Ce matin, Anne-Cécile Mailfert aborde la question de la douleur des règles et une maladie sous diagnostiquée, l'endométriose...
Voyez-vous, c’est un peu comme si vous vous étiez réveillé cette nuit, à 2 h du matin, une douleur sourde dans le bas ventre, un liquide gluant, rouge et chaud entre vos cuisses. Vos troubles digestifs, vos seins douloureux, votre déprime passagère d’hier, tout s’explique : vous avez vos règles. Elles ont débarqué, et vous voilà réveillée, tachée, en sueur.
Votre ventre crampe, comme après un séance de sport intensif. Votre tête cogne comme après une bonne grosse cuite. Jusque-là c’est des règles presque normales, vous prendrez un doliprane. Mais on va corser les choses : car Ali, comme 2,4 millions de femmes en France, vous etes atteinte d’endométriose.
L’endométriose ?
L’endométriose est une maladie sous diagnostiquée, caractérisée par la présence, en dehors de l’utérus, de fragments de muqueuse utérine.

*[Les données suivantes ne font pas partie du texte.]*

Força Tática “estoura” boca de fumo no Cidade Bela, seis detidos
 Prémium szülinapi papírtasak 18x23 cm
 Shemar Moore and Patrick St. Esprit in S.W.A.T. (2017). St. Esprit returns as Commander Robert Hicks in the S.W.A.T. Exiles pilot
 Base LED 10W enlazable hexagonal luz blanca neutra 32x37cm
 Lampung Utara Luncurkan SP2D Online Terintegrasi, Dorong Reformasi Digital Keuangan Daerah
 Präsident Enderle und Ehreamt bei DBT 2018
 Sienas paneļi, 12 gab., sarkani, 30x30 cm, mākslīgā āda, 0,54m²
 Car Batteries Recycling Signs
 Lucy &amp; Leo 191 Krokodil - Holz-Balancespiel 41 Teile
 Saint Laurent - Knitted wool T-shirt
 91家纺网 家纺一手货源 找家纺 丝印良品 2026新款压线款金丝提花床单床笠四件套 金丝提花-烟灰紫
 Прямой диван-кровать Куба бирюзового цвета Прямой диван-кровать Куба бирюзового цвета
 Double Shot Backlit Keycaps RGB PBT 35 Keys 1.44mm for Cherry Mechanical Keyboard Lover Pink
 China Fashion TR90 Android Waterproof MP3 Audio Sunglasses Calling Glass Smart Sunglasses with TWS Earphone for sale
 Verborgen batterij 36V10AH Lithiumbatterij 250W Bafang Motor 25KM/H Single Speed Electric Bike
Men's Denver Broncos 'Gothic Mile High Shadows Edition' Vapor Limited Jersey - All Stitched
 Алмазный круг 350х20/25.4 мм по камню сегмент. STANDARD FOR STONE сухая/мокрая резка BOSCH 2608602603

Ils peuvent migrer partout ! Et chaque mois, ils se mettent en marche comme s’ils étaient toujours dans l’utérus, et irradient de douleur dans la poitrine, dans le dos..
Vous ressentez tous les mois et cette nuit en particulier, des pics de douleur extrêmement intenses, comme si quelqu’un avec des ongles en ferraille allait vicieusement racler l’intérieur de vos entrailles. Mais on va faire simple pour que les hommes captent : c’est comme si on vous tapait dans les testicules toutes les 5 minutes. Certaines femmes peuvent s’évanouir. Vous, vous allez vomir. Il est maintenant 3h du matin, il va vous falloir bien plus qu’un doliprane.
Votre nuit est fichue car vous vous lèverez dans quelques heures pour vous occuper des enfants, les déposer à l’école, et aller au travail, toujours pliée en deux. Ce travail pouvant être, institutrice, coiffeuse, ou infirmière, un métier que vous pratiquez debout, qui demande de l’attention et qui ne peut être fait en télétravail.
Concrètement, comment font ces femmes ?
Elles pourraient demander un arrêt maladie, mais entre les délais pour avoir un rendez-vous chez un généraliste et les trois jours de carence, à quoi bon : à peine ont-elles commencé les démarches que les symptômes ont arrêté. Et ça reprend tous les mois. Alors souvent elles cachent la réalité de ce qu’elles vivent, posent un jour, ou sans solde et y perdent 10% de leurs revenus.
Le principe d’un arrêt menstruel défendu par la sénatrice Laurence Rossignol au sénat hier visait à résoudre cette situation. La proposition de loi aurait permis aux 16% de femmes diagnostiquées dysménorrhées, c’est-à-dire souffrant de règles douloureuses et incapacitantes, d’avoir un arrêt de travail d’un à deux jours par mois selon le niveau de douleur, valable un an pour ne pas retourner tous les mois chez le médecin. Pour ces motifs, il n’y aurait pas eu de jour de carence. Une avancée pour ces femmes qui n’aura pas lieu.
Mais les élus de droite l’ont rejeté. Ils y voient sûrement une difficulté pour les employeurs qu’ils préfèrent protéger. Auraient ils réagit comme cela si les hommes étaient concernés? Comme pour l’IVG dans la constitution, comment ne pas y voir une trace de cette domination qui, en faisant passer le masculin pour la norme, en vient à considérer que ce que vivent les femmes sont des exceptions qui ne méritent pas la considération de nos institutions. Et pourtant les femmes existent. Il faudra bien qu’ils finissent par s’y habituer.